▶ **Brief descriptive captions**

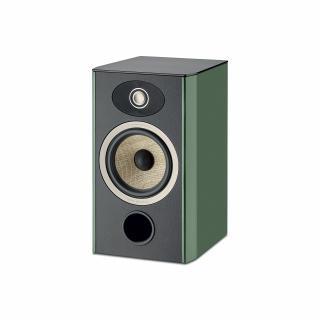 Focal ARIA EVO X N°1 Moss Green High Gloss (Kompaktný reproduktor s unikátnym dizajnom (cena za pár))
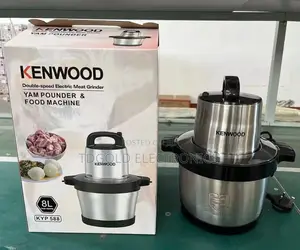 Kenwood 8 Liter Yarm Pounder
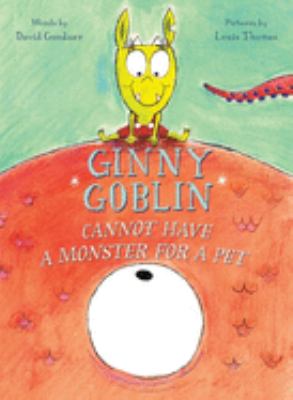 Ginny Goblin cannot have a monster for a pet  cover image cdn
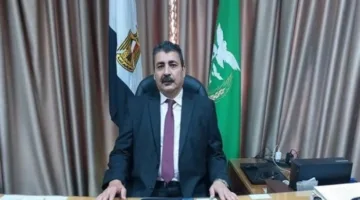 إغلاق منشأة غير قانونية لتدوير وتعبئة الملح في المنوفية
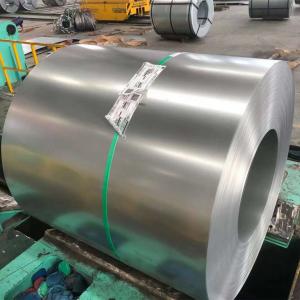 Wholesale Cold Rolled Galvanized Steel Strip Coils Slit Edges DC01 EN 10130 / 10131 Slightly Oiled from china suppliers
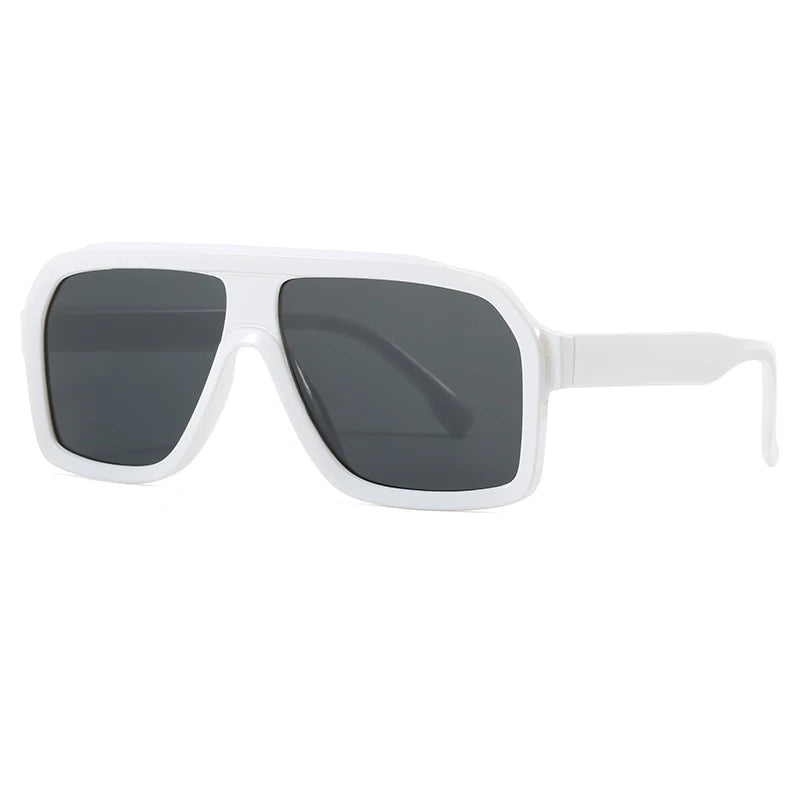 Classics Brand Square Sunglasses New Women Men Eyewear Female Fashion Outdoor Travel Sunglasses Men Driving Fishing GlassesUV400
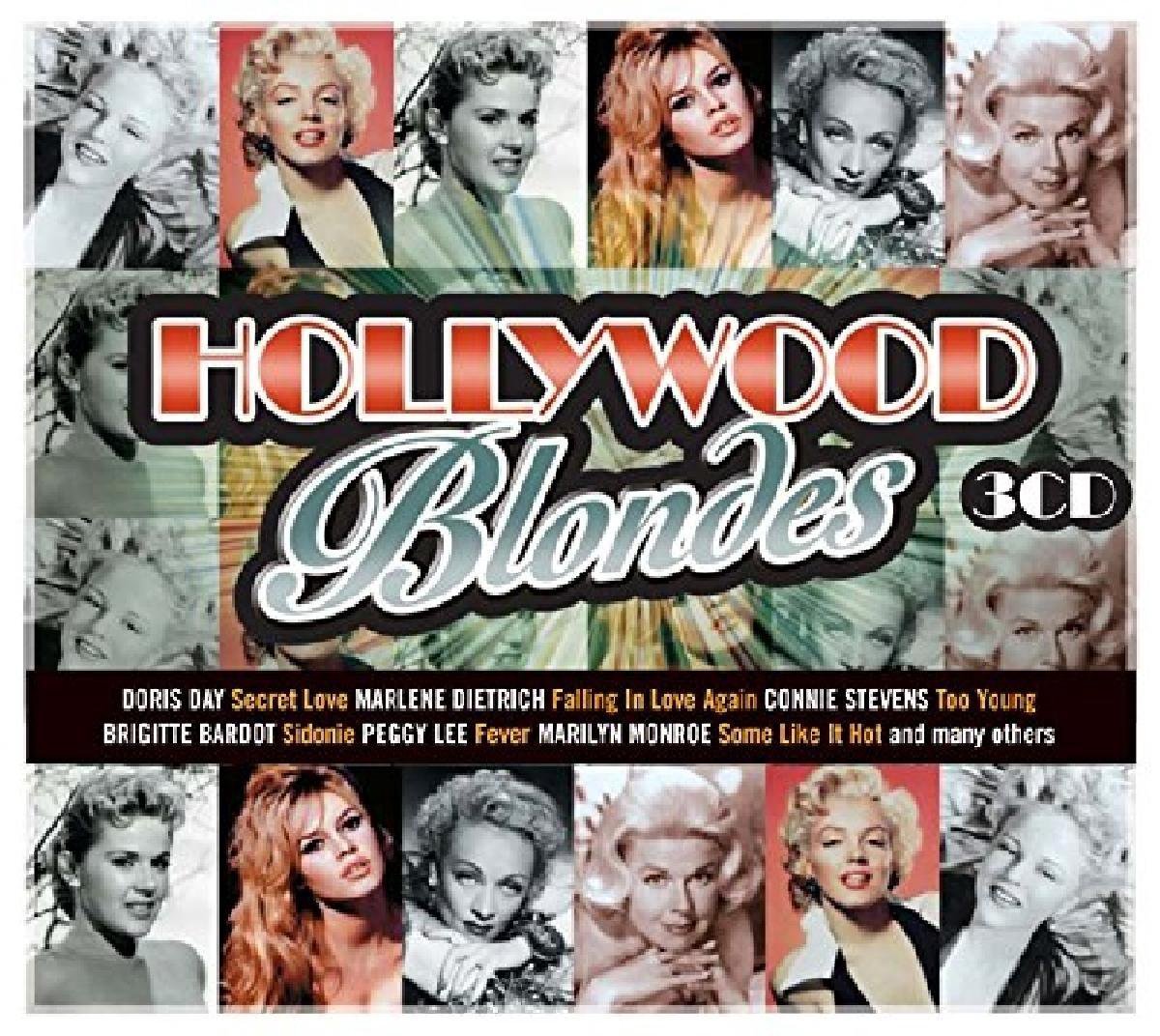 Various - Hollywood Blondes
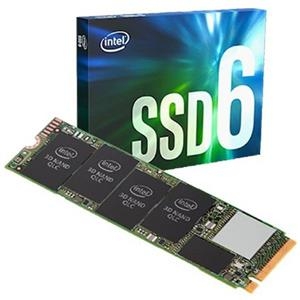Intel SSD 660p 512GB 正常動作品 Intel 660P 系列512GB M.2 2280 PCI-E 固態硬碟SSD | Intel 英特爾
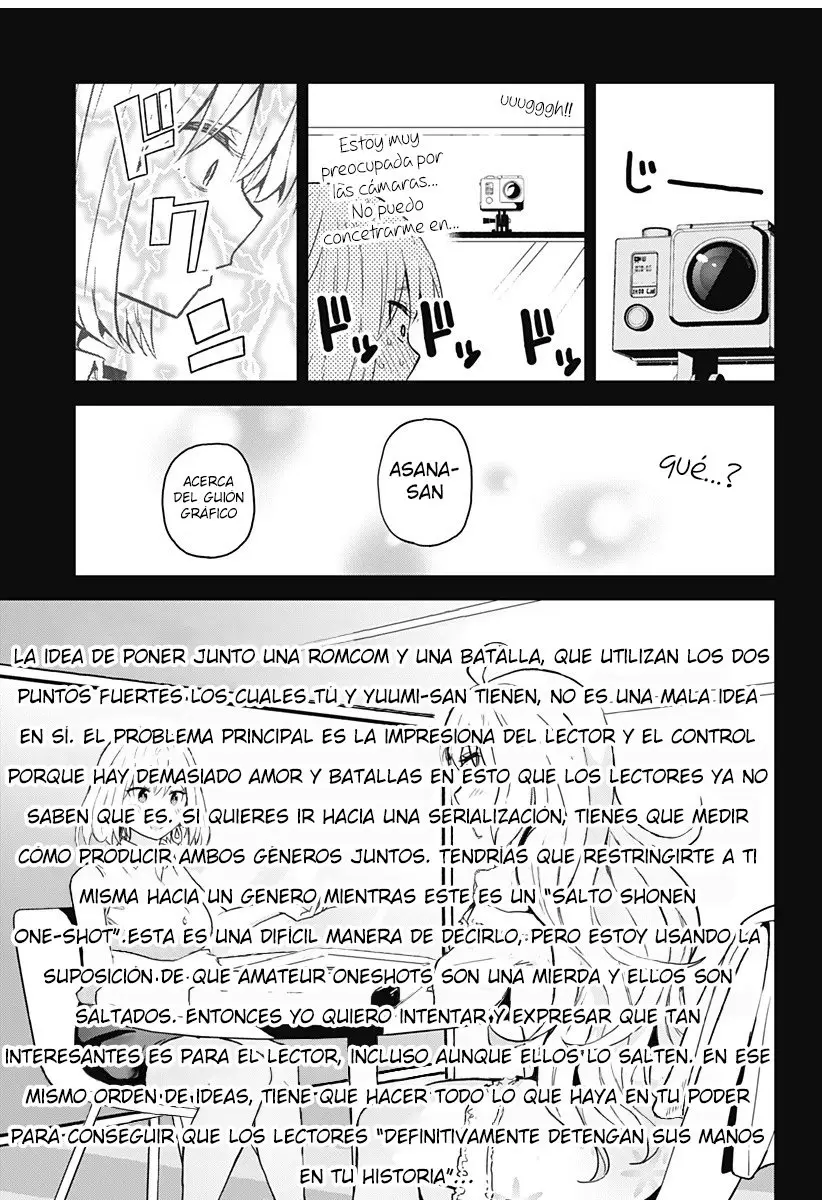 Saotome Shimai wa Manga no tame nara!? (2018) - Capítulo 32 - Página 8 - LectorTMOo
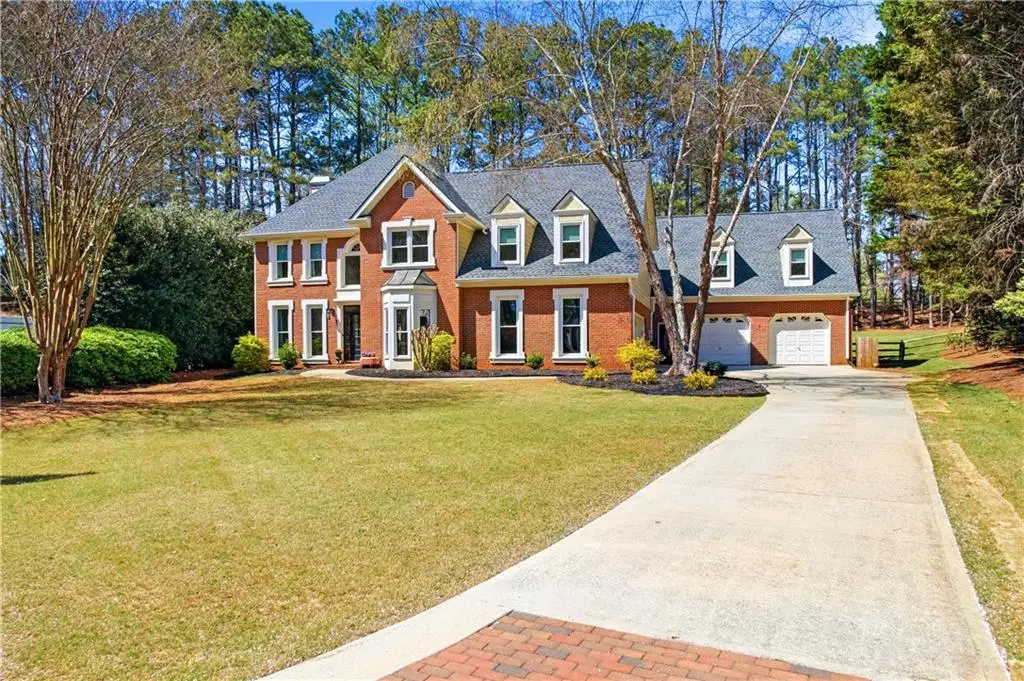5384 Whitaker Trail Nw, Acworth, GA 30101 - #1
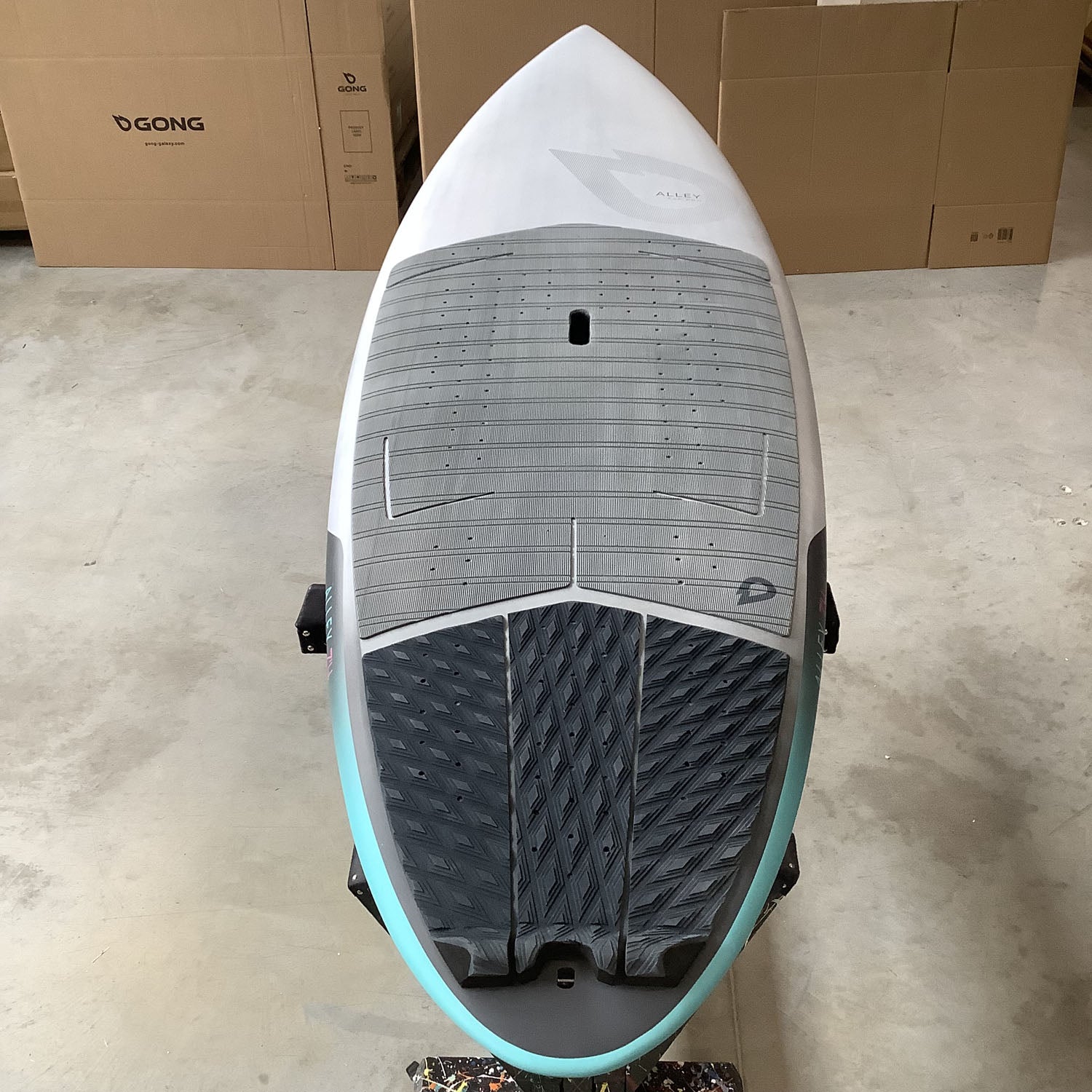 SUP Alley FSP Pro - FSP PRO 7'4 / White Occasion 14652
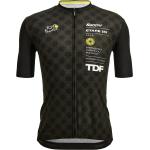 Maillots de la France Santini en polyester Le Tour de France respirants Taille XL 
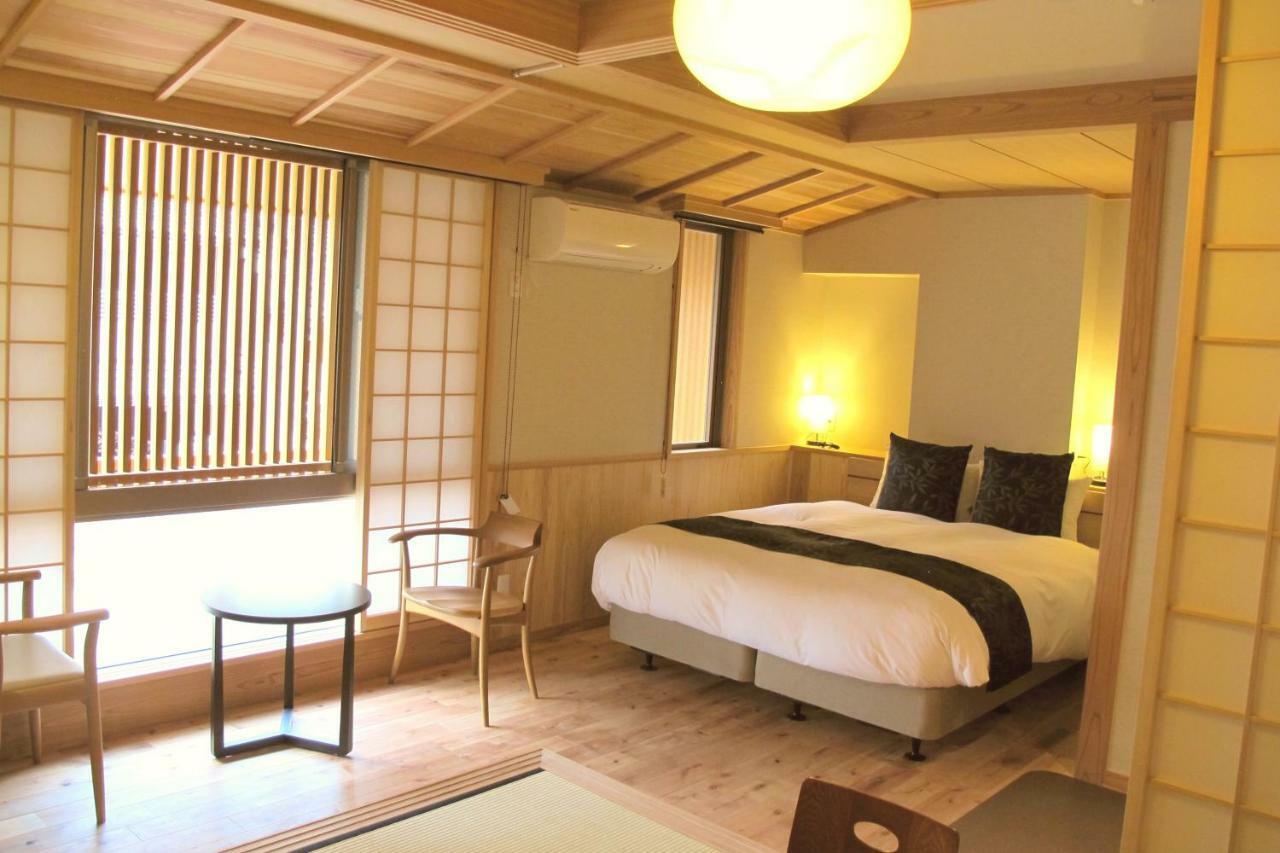 Kyomachiya Ryokan Sakura Urushitei Hotel Kyoto Eksteriør billede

▶ **Work task**
The required output is the lines from the one containing "Ginny Goblin cannot" through the end of the data, printed exactly, with no pictures.

▶ **Response to the exercise**
 Ginny Goblin cannot have a monster for a pet  cover image cdn
 إغلاق منشأة غير قانونية لتدوير وتعبئة الملح في المنوفية
 Wholesale Cold Rolled Galvanized Steel Strip Coils Slit Edges DC01 EN 10130 / 10131 Slightly Oiled from china suppliers
 Classics Brand Square Sunglasses New Women Men Eyewear Female Fashion Outdoor Travel Sunglasses Men Driving Fishing GlassesUV400
 Various - Hollywood Blondes
Intel SSD 660p 512GB 正常動作品 Intel 660P 系列512GB M.2 2280 PCI-E 固態硬碟SSD | Intel 英特爾
 Saotome Shimai wa Manga no tame nara!? (2018) - Capítulo 32 - Página 8 - LectorTMOo
5384 Whitaker Trail Nw, Acworth, GA 30101 - #1
 SUP Alley FSP Pro - FSP PRO 7'4 / White Occasion 14652
 Maillots de la France Santini en polyester Le Tour de France respirants Taille XL 
 Kyomachiya Ryokan Sakura Urushitei Hotel Kyoto Eksteriør billede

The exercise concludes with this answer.